Geoloqi’s goal is to disrupt the first generation of location services, according to founder Amber Case. That means the Foursquares of the world are put on notice. The Geoloqi platform will provide cross-platform SDKs that are mobile carrier agnostic. It can track location in real-time and provide analytics on users and their location data and history. Enterprises, retailers and government agencies can create geo-fences, push messages and visitor metrics.
Right: Amber Case
The biggest innovation for Geoloqi may be its battery saving properties. Case said that in a couple instances the company wrote the code that connects a device its backend infrastructure was written in binary code to make it as lightweight as possible.
“Some of the systems that we have added to build or extend out the systems we have to actually make it work, in some of the cases we have actually written it down in binary so we can actually get a small enough packet size off the phone connecting to the server so we can reduce the battery life drain and have less connections. The server architecture, which is a custom-server architecture is scalable to our base,” Case said.
After Geoloqi launched it rapidly found that its clientele was not going to be end-users and fellow mobile developers. Enterprises and government were the most interested parties because that is no easy system for creating location-aware real-time data.

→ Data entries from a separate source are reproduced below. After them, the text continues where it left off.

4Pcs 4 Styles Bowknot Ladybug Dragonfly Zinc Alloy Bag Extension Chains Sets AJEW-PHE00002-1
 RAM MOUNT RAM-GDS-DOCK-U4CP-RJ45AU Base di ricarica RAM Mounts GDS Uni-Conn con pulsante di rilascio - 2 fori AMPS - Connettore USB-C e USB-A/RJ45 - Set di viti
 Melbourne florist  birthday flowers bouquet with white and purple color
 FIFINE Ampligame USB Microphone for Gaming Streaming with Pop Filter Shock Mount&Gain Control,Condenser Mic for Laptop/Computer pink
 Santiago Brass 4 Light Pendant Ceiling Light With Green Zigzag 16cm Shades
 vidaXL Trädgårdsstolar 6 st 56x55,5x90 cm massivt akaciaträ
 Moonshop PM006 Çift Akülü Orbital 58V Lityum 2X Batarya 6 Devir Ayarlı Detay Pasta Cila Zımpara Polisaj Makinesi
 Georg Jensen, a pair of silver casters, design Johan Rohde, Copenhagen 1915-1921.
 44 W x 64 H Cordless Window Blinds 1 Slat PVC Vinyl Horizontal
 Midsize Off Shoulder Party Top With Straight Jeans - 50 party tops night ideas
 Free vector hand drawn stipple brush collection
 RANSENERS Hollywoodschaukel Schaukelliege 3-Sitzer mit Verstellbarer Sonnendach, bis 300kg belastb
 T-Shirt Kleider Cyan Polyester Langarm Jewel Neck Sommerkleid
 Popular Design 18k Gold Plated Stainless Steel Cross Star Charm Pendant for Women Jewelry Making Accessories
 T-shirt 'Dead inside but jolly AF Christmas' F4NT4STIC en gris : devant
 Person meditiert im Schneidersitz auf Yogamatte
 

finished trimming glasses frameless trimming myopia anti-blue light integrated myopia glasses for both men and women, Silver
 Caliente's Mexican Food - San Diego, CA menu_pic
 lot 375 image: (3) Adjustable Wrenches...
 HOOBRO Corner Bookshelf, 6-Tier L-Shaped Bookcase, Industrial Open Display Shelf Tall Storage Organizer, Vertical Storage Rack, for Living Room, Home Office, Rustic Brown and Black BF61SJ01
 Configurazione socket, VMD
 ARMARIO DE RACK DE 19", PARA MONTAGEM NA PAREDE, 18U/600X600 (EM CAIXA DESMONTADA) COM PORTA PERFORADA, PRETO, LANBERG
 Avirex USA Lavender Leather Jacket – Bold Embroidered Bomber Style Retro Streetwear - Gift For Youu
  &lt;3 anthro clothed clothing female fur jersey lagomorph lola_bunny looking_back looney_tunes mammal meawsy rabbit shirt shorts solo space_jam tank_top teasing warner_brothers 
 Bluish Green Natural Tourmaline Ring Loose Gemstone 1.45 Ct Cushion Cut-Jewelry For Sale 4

“We are not selling an app, we are selling a platform system. So, if an enterprise or a retailer already has an app location, it just allows them to just plug it in and have location taken care of,” Case said. “People really wanted to add these aspects to their apps and carriers understood that their existing enterprise and government customers were asking for something more real time and they were not able to provide it. So, they started calling us up and asking for a sort of hybrid solution so they could better serve their existing customers.”
The dream of location-aware data is “The Starbuck Dilemma.” In the Starbuck scenario, a user walks by one of the popular coffee houses and their device will recognize where it is and send a push-notification to the user. It is a mix of geo-fencing, push and real-time marketing that is delivered straight to the user’s pocket. There is power in proximity marketing.
“The key story in this place is that I want to go by Starbucks and have a location-based message. That story has been there for 20 years but it is very difficult to implement,” Case said.
As a platform, the intention is for customers to build on top of Geoloqi to provide the type of data location that the first generation providers cannot deliver. The next step is to provide analytics on top of that and enable enterprises targeted marketing like never before.
“We are really focusing on enterprise. This might be a silly analogy but what Salesforce did for CRM, making it really easy and painless for the enterprise, we want to do that for the enterprise for location and really make a bridge between that old guard of location services and real time, much higher functionality, much higher resolution location services,” Case said.